Business loses its environmental virginity

by Ari van Schilfgaarde

This week, the environmental news was full of the promise of Sir Richard Branson, who pledged the sum total of the profits of his transportation businesses towards the development of renewable and carbon-neutral fuels. He is quoted as saying that the “transportation industry must be at the forefront of developing environmentally friendly business strategies.”

To bring his companies to the fore, Branson has committed $400 million to a new venture, Virgin Fuels, which will invest in and develop green energy projects. His reasoning behind the transfer may well be a deep-seated desire for philanthropy, or perhaps a strong belief in the importance of addressing global climate change, or perhaps a preemptive strike against the coming regulation of airline fuels. At some level the motive is irrelevant, what matters is that there is a commitment by the business community to bring about change.

It is impossible to deny that injecting 18 times what the entire United States Government spends on alternative fuels will make a difference in the global energy industry, but the reapportionment is still effectively a drop in the bucket. Greenwashing at best, a publicity stunt at worst. Drug companies, who make hefty profits on their own, expend about 10 percent of total revenue on R&D costs. Energy companies in contrast spend about 0.3 percent of their revenues on finding alternatives to petroleum.

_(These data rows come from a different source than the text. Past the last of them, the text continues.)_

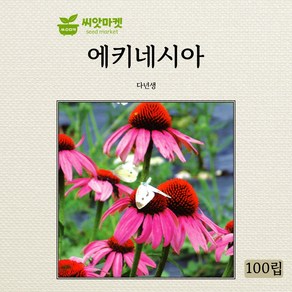 에키네시아 씨앗 100립, 1개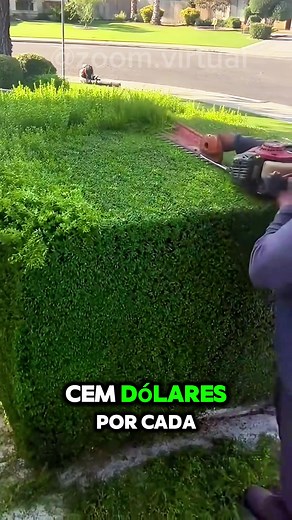 O trabalho mais satisfatório do mundo? 🤔 #curiosidades #foryou #foryoupage
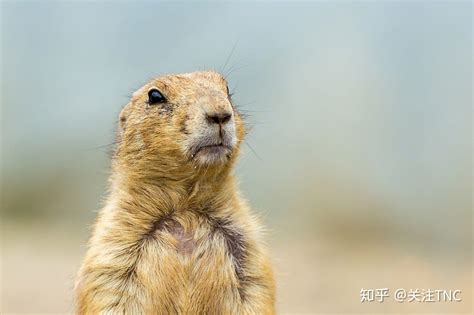 土拨鼠到底是谁？ 知乎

So, how do we identify greenwashing from true values and separate the marketing from the real action?

This morning a partner and I interviewed Bob Perkowitz, a business leader in North Carolina. He sells women’s fashion to environmentally conscious consumers. If you spend more than $75 on any one order at his company, he will donate $1 to buy air power in the Dakotas. He says that he regularly cuts $15,000 checks to the wind company in the Dakotas. It costs him 0.5 percent of his revenues to do this and in no way affects his business model. It does, however, provide him with beautiful pictures of windmills in the VivaTerra catalogue, a subtle green logo, and help build a $35 million per year business.

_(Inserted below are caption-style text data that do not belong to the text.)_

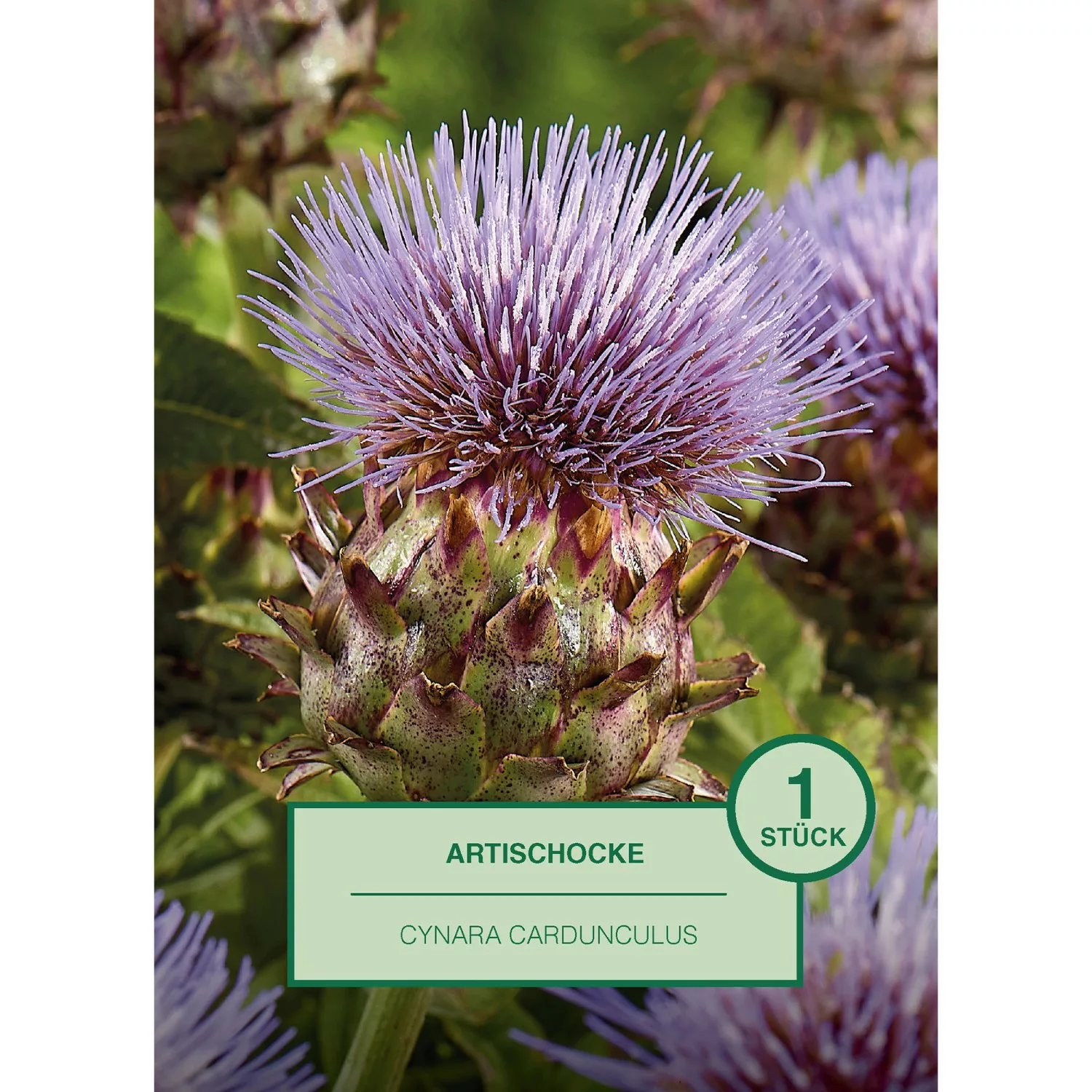 Artischocke 1 Stück Cynara cardunculus günstig online kaufen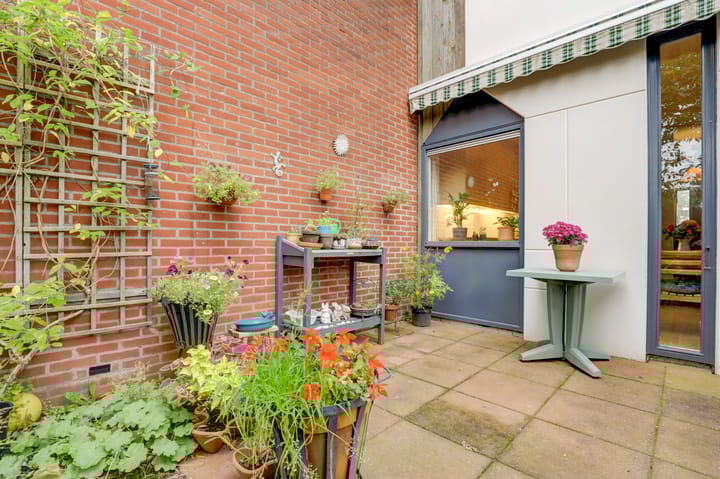 Foto 16 van Kanariesprenk 435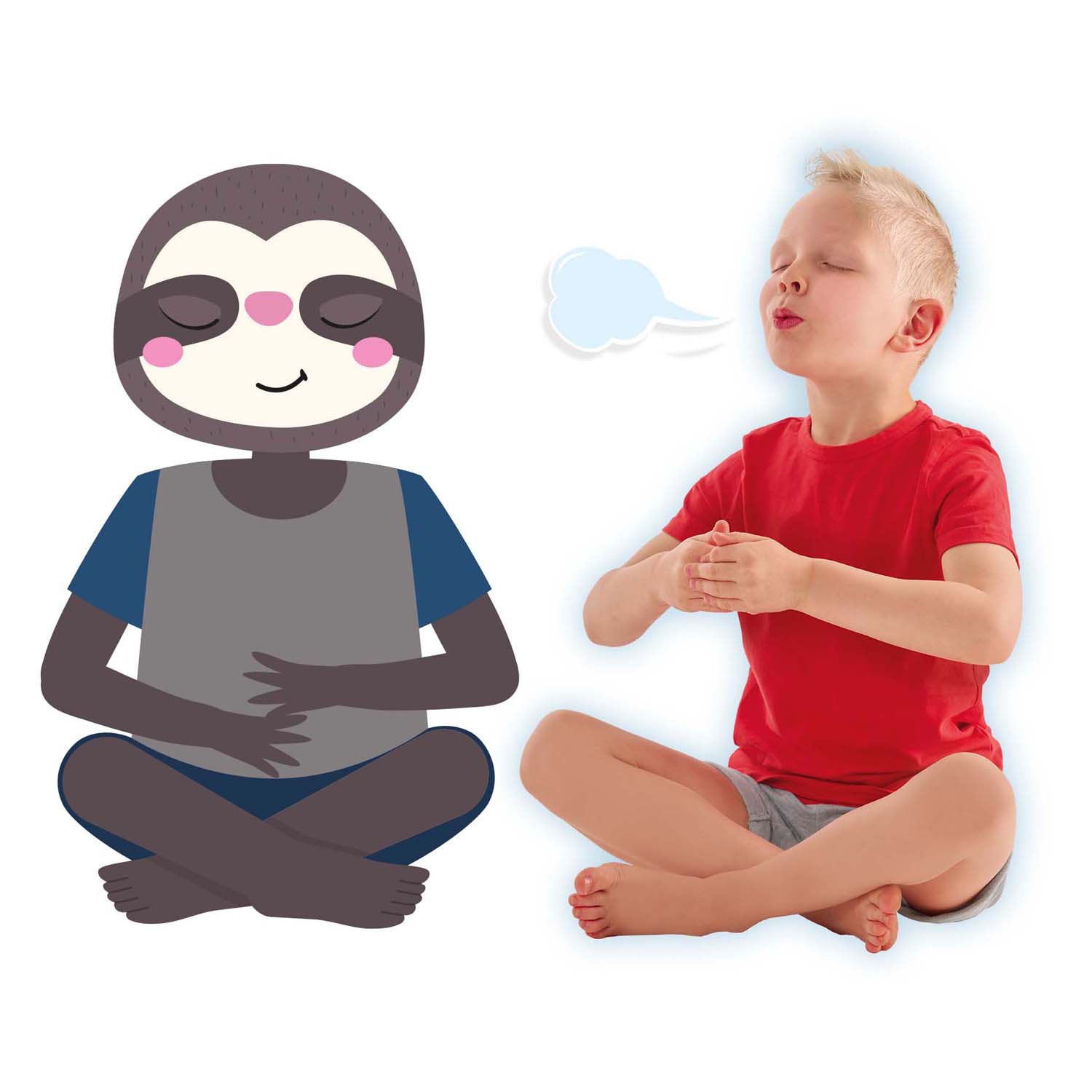 Ses zen yoga dieren, 28dlg.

He recommends taking some of the money and much of the experience on the marketing end of business and applying it to NGOs. By marketing an issue—like global warming or the death of pandas—to people trained to be marketed to, Mr. Perkowitz argues, we can mobilize support for the issues that we care about.

Mr. Branson’s newfound focus on fueling his companies is a good example: after being awakened to the dangers last year by Al Gore’s movie “An Inconvenient Truth” he entered into talks with advisors and decided that the best course of action for his organization and the planet would be to reallocate his profits towards renewable and biofuel sources. Imagine who else could be tempted to such a realization. While he acknowledges that the development of such a ambitious goal is difficult and possibly one that will lose him profits in the short run, but he seems to be willing to sacrifice this for the longer term gain that he sees in having his fleet of airlines securely and cheaply fueled.

It is clear that we will not overcome the global climate change issue by simply using more ethanol, but with the aviation industry set to produce 15 percent of all greenhouse gasses in 10 years, Mr. Branson’s gesture is a start.

What remains to be seen is how this huge influx of capital over a sustained time period and without a specific focus will affect change in the nascent biofuels business. More importantly for the business community as a whole, will it successfully make the Virgin Group more profitable?

Ted Turner argues that Mr. Branson’s increased publicity will net him more funding than the advertising that he currently purchases—if other businesses are to follow suit, this has to show a return on investment for the individual. That’s what our economic system is based on, and all the greenwashing in the world won’t change that fundamental fact.